Thursday 20 September 2018

History of Containers


Many people think the Shipping Container was invented in China. …not true.

Mr. Malcolm Mc Lean- The Inventor of ISO Shipping Containers

The first shipping container was invented and patented in 1956 by an American named Malcolm Mc Lean. Mc Lean was not an ocean shipper, but was a trucker and by 1956 he owned the largest trucking fleet in the South and the fifth largest trucking company in all the United States.


He saved his money and bought his first truck in 1934. During those years all cargo was loaded and unloaded in odd sized wooden crates. The process was very slow and certainly not standardized.

After observing this slow and inefficient process for 20 years, he finally decided to step back and develop some standardized way of loading cargo from trucks to ships and warehouses.
Malcolm then purchased Pan Atlantic Tanker Company, which owned a bunch of fairly rusted tankers. He re-named the new shipping company Sea-Land Shipping. With this shipping company he could finally experiment with better ways to load and unload trucks and ships.

After many experiments, his final design is what we know now as the Shipping Container - super strong, uniform design, theft resistant, and easy to load, unload, truck, rail, ship, and certainly store.

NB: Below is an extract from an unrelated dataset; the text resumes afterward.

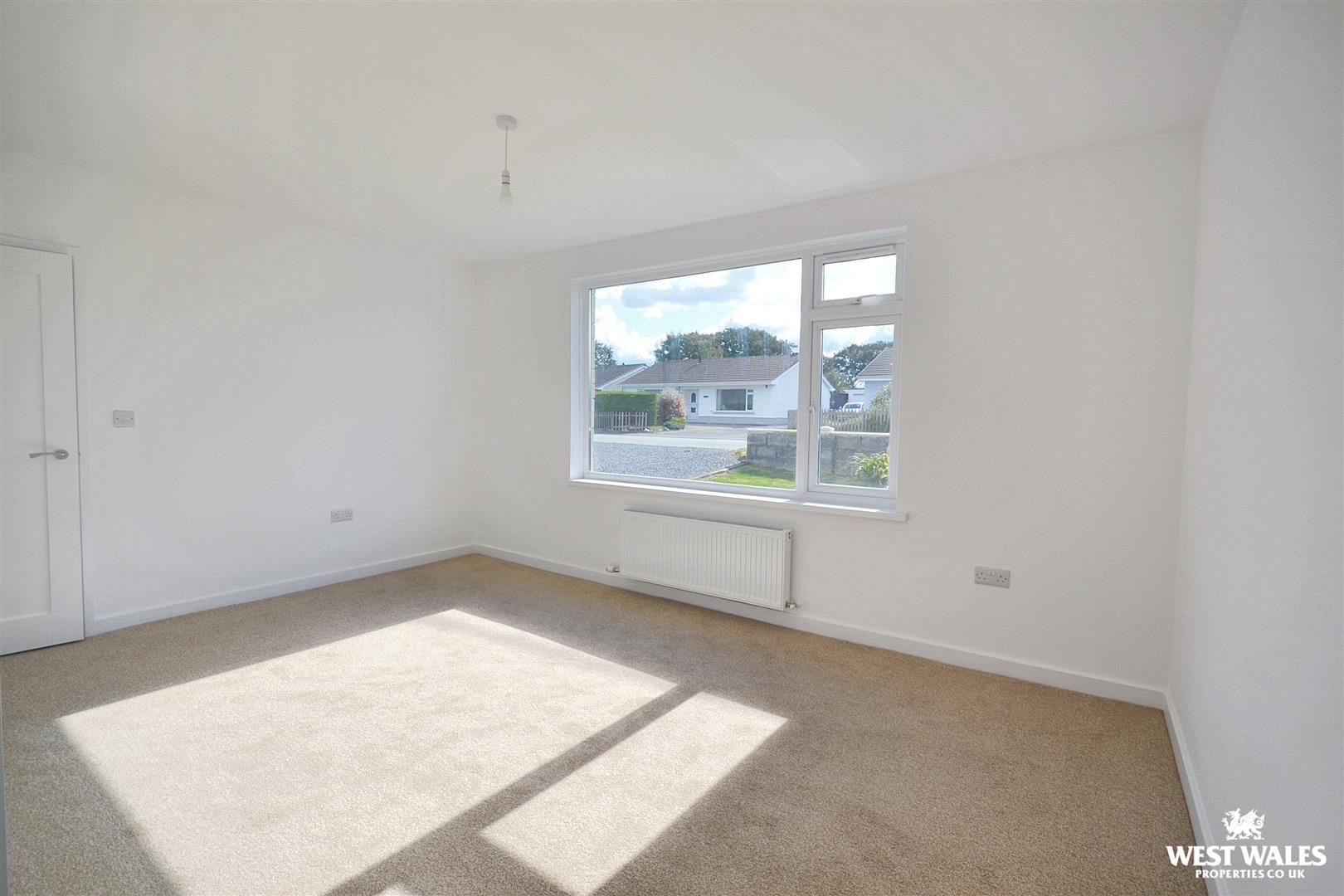 Dymani, Cilgerran Road, Penybryn Cardigan photo 4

In 1955 McLean sold his trucking company and then purchased Pan Atlantic Tanker Company, which he re-named as Sea-Land Shipping. With this shipping company he tried out better ways to load and unload trucks and ships. Before containerization, an infinite combination of sizes and shapes of boxes, crates and product were delivered by truck and trailer to a port. These were then loaded either directly or in large cargo nets into the hold, or onto the deck of a ship to be stowed and secure. Consequently, it cost about $5.86 a ton to load a ship. McLean’s innovation was to modify the ships and his terminals to handle only two or three standardized sizes of container.

Malcolm focused on transforming the way ships are loaded and by pioneering the use of standardized shipping containers, he transformed the cost structure of the shipping industry and so made possible today’s highly integrated global marketplace.

Thus all the costs involved in unloading trucks and trains at the ports and then loading and stowing the cargo on board the ships could be eliminated. After McLean’s revolution it only cost about $0.16 a ton to load a ship - a reduction of 97%. Without this revolution today’s global marketplace would not be a reality.